In full and exactly, reproduce the entries below, but omit the pictures.
········
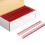 100Pcs Professional Binding Rings Heavy Duty Metal Binding-F 1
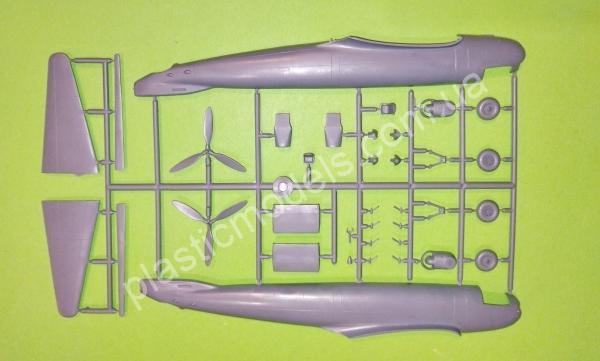 1/72 RS models 92276 Junkers Ju-86P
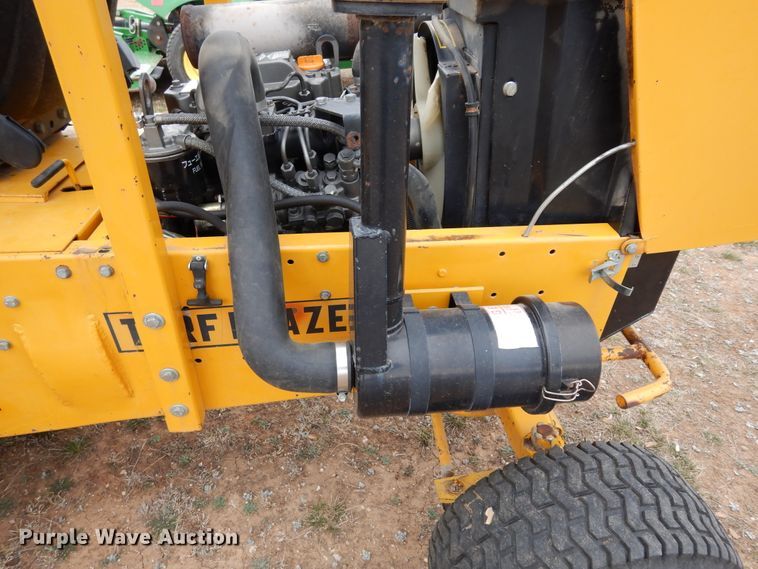 image for item EY9790 Howard Price Turf Blazer 727  lawn mower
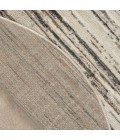 Nourison Serenity Home Ivory Beige Rug SRH03 8 ft. X Round - Rugs Town Nourison Serenity Home Ivory Beige SRH03 8 ft. X Round Rug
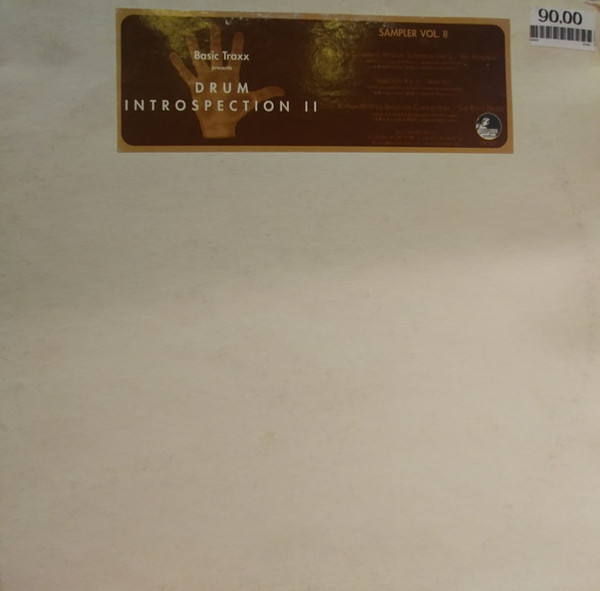Various - Basic Traxx Presents Drum Introspection II Sampler Vol. II (12", Smplr)
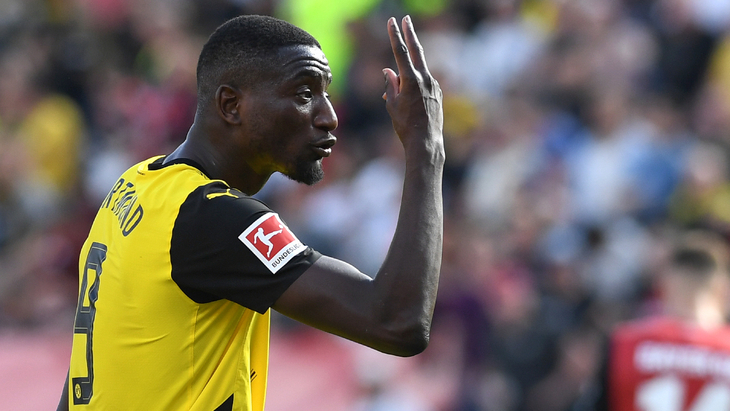 Серху Гирасси — нападающий «Боруссии» Д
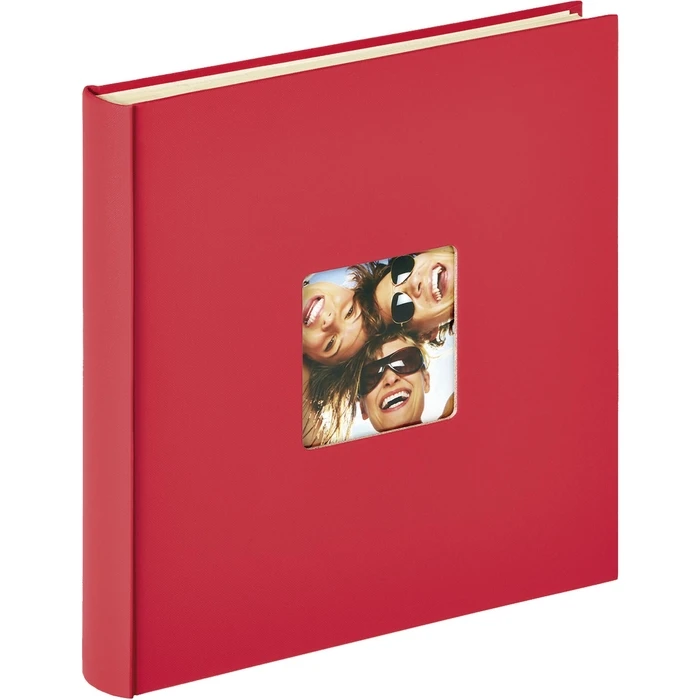Walther Fun Photo Album 50 Pages Red SK-110-R 33 x 33.5 cm
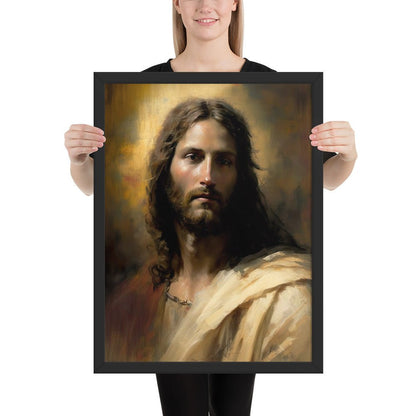Jesus Christ The Lamb Of God Fine Art Print - ChristVisions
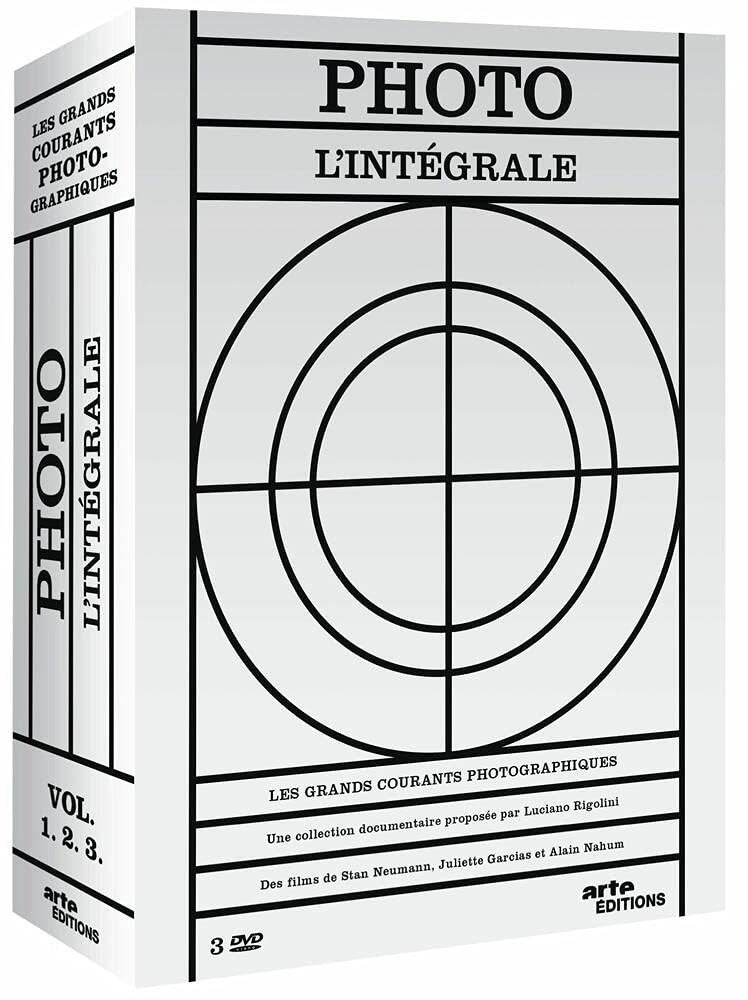 Coffret intégrale l'histoire des grands courants photographiques Films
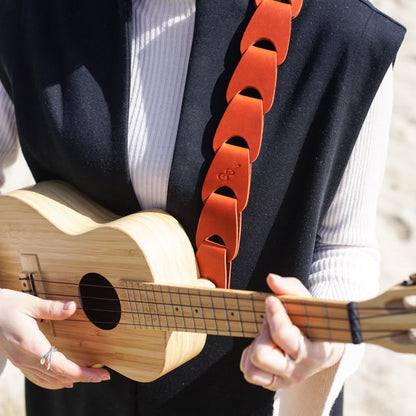 Wellington for ukulele Wellington | Scale-like ukulele strap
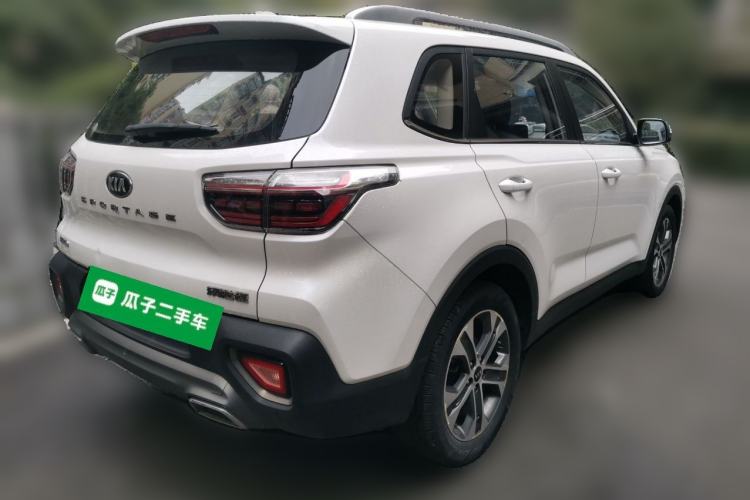 Used Kia Sportage R 2018 2.0L Automatic Smart Luxury Version China V Standard Rear Right 45 Deg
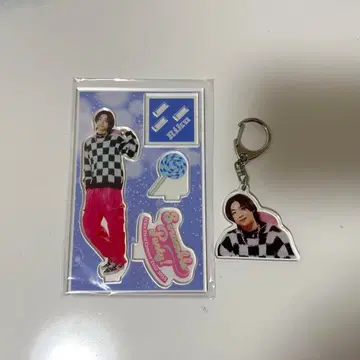 ICEx 시가 리쿠 아크릴 스탠드 아크릴 키링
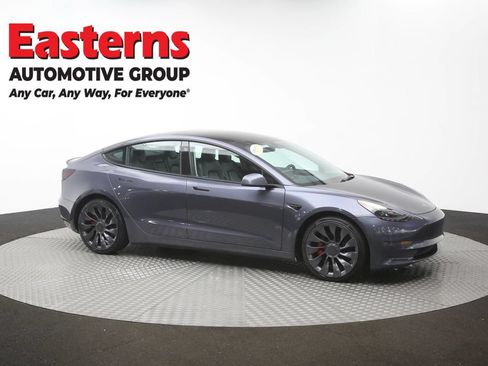 Used 2022 Tesla Model 3 Performance AWD/4WD image 42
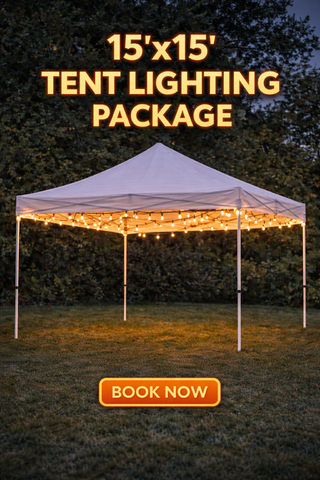 15x15 Tent Light Package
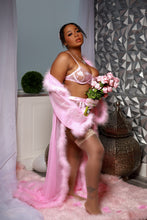 Load image into Gallery viewer, Blush Delicate pick lingerie set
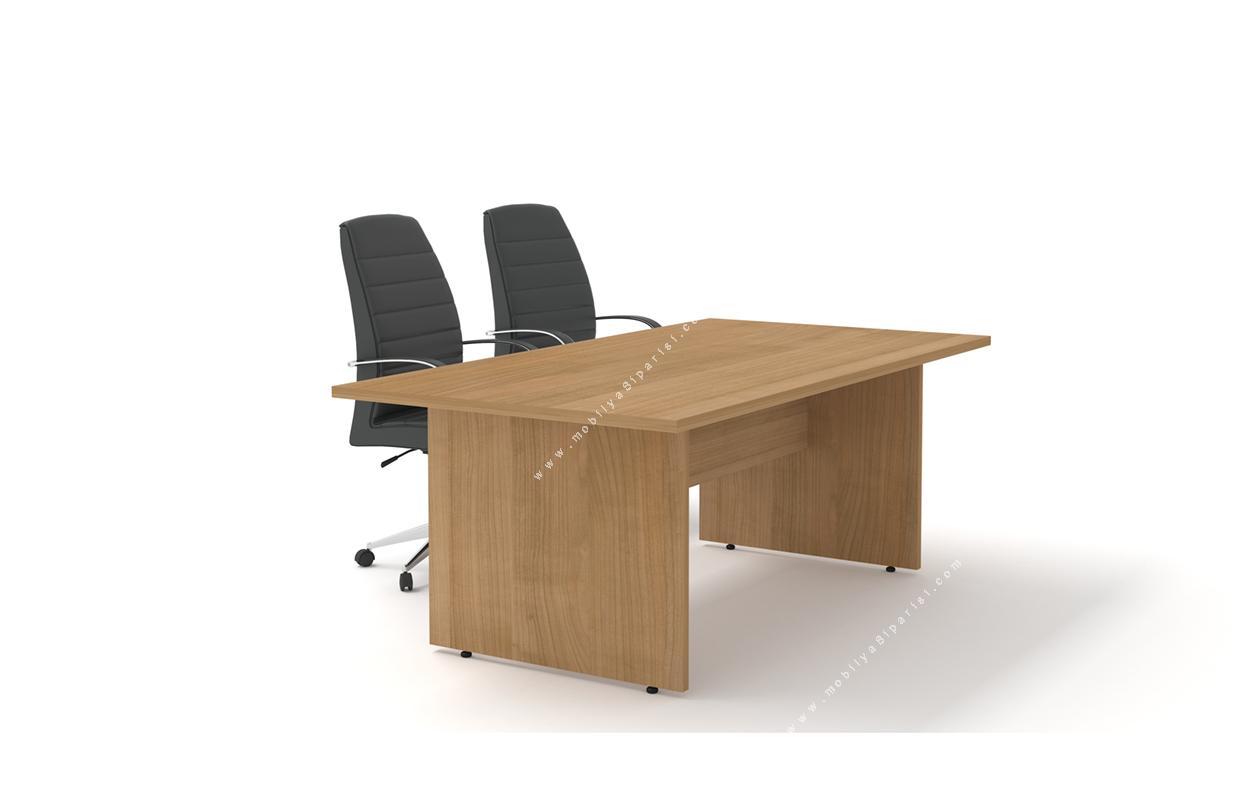 pine suntalam toplantı masası 180cm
········
> [Output of the task]:
 100Pcs Professional Binding Rings Heavy Duty Metal Binding-F 1
 1/72 RS models 92276 Junkers Ju-86P
 image for item EY9790 Howard Price Turf Blazer 727  lawn mower
 Nourison Serenity Home Ivory Beige Rug SRH03 8 ft. X Round - Rugs Town Nourison Serenity Home Ivory Beige SRH03 8 ft. X Round Rug
Various - Basic Traxx Presents Drum Introspection II Sampler Vol. II (12", Smplr)
 Серху Гирасси — нападающий «Боруссии» Д
Walther Fun Photo Album 50 Pages Red SK-110-R 33 x 33.5 cm
Jesus Christ The Lamb Of God Fine Art Print - ChristVisions
 Coffret intégrale l'histoire des grands courants photographiques Films
 Wellington for ukulele Wellington | Scale-like ukulele strap
 Used Kia Sportage R 2018 2.0L Automatic Smart Luxury Version China V Standard Rear Right 45 Deg
 ICEx 시가 리쿠 아크릴 스탠드 아크릴 키링
 Used 2022 Tesla Model 3 Performance AWD/4WD image 42
 15x15 Tent Light Package
 Load image into Gallery viewer, Blush Delicate pick lingerie set
 pine suntalam toplantı masası 180cm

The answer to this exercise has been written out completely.